7.1. Costimulatory Molecules

The inclusion of costimulatory domains within CAR T cell constructs was one of the initial approaches used it improve CAR T cell efficacy. CD137 (4-1BB) is a potent costimulator of T cell proliferation and expansion and can improve T cell mitochondrial biogenesis and metabolism. Second and third-generation CAR T cells with 4-1BB costimulatory domains have shown superior metabolic capacity, enhanced antitumour activity, persistence and a higher number of memory phenotypes [2,3,111,112]. The increased metabolic function because of 4-1BB inclusion can be attributed to improvement in mitochondrial mass, biogenesis, mitochondrial membrane potential (ΔΨm), fusion, activation of the p38-MAPK pathway [111] and depends on OPA-1 [112]. CAR T cells using 4-1BB costimulatory molecules have been shown to persist for four years in patients with acute lymphoblastic leukaemia (ALL) [113].
CD28 is the most prevalent costimulatory domain used in CAR T cell therapy.

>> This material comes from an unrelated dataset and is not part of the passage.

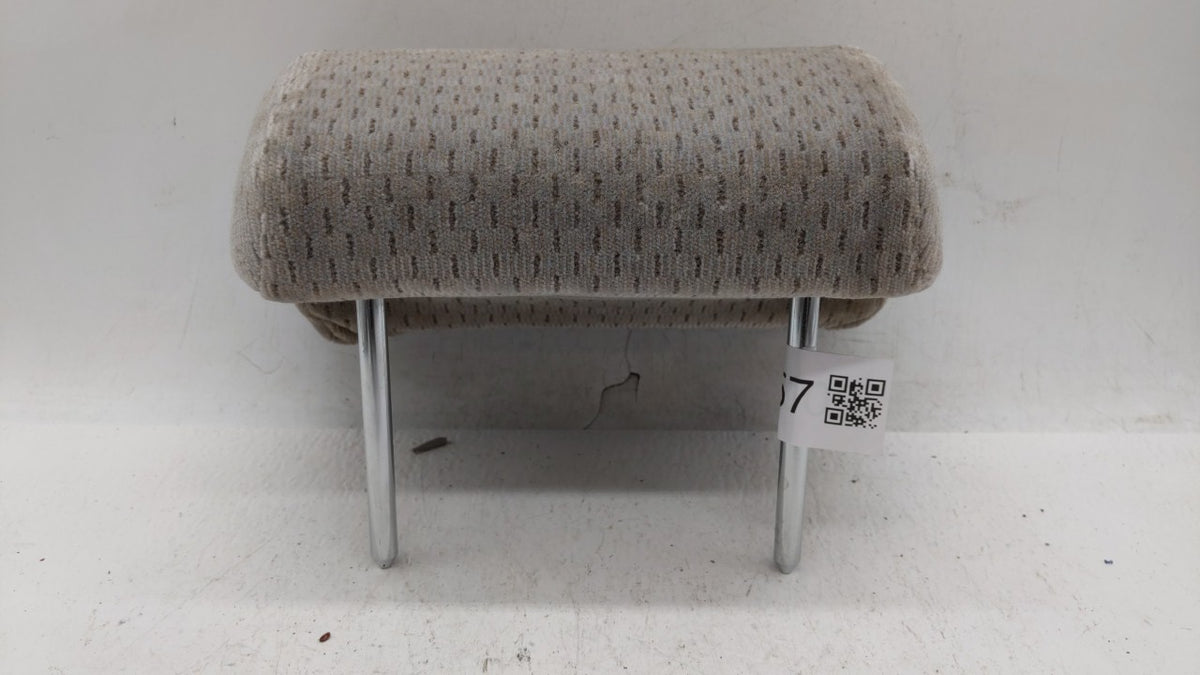 2004 Toyota Camry Headrest Head Rest Rear Center Seat Greige - Oemusedautoparts1.com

It has been shown to be effective in the induction of glycolysis and differentiation toward effector memory phenotypes [114]. Dysfunctional TILs from CLL patients showed an impaired ability to induce glycolysis, the main metabolic program of TEFF cells [61]. A comparison of CD28 and 4-1BB costimulatory molecules showed that CAR T cells with 4-1BB have longer persistence as they tend to have a higher number of TCM phenotypes [114]. However, such differences were not seen in patients with relapsed/refractory B cell leukaemia [115]. Moreover, it is worthwhile noting that the importance of CAR T cell persistence may also be cancer dependent [2,3]. Therefore, the type of cancer should be considered when choosing the costimulatory molecules in designing the CAR constructs.
Several strategies have been developed to convert the negative effects of immunosuppressive factors into the beneficial effects of costimulatory molecules. One approach involves the use of the chimeric costimulatory molecules termed “costimulatory converters” [116]. These are fusion proteins encompassing the extracellular domain that recognise immunosuppressive molecules, such as PD-1, fused to an intracellular domain of a costimulatory molecule such as CD28 or 4-1BB [117]. Another technology for the avoidance of CAR T cell immunosuppression uses bispecific T cell engagers (BiTEs). BiTEs are recombinant proteins consisting of two distinct scFvs coupled by a short flexible linker [118]. One of the scFv is specific to a TAA on the tumour surface, while the other recognises the CD3ɛ/γ heterodimer on T cells, enabling CAR T cells coexpressing the BiTE to engage with two antigens. This is of particular benefit when one of the TAA is heterogeneously expressed on the tumour surface [118].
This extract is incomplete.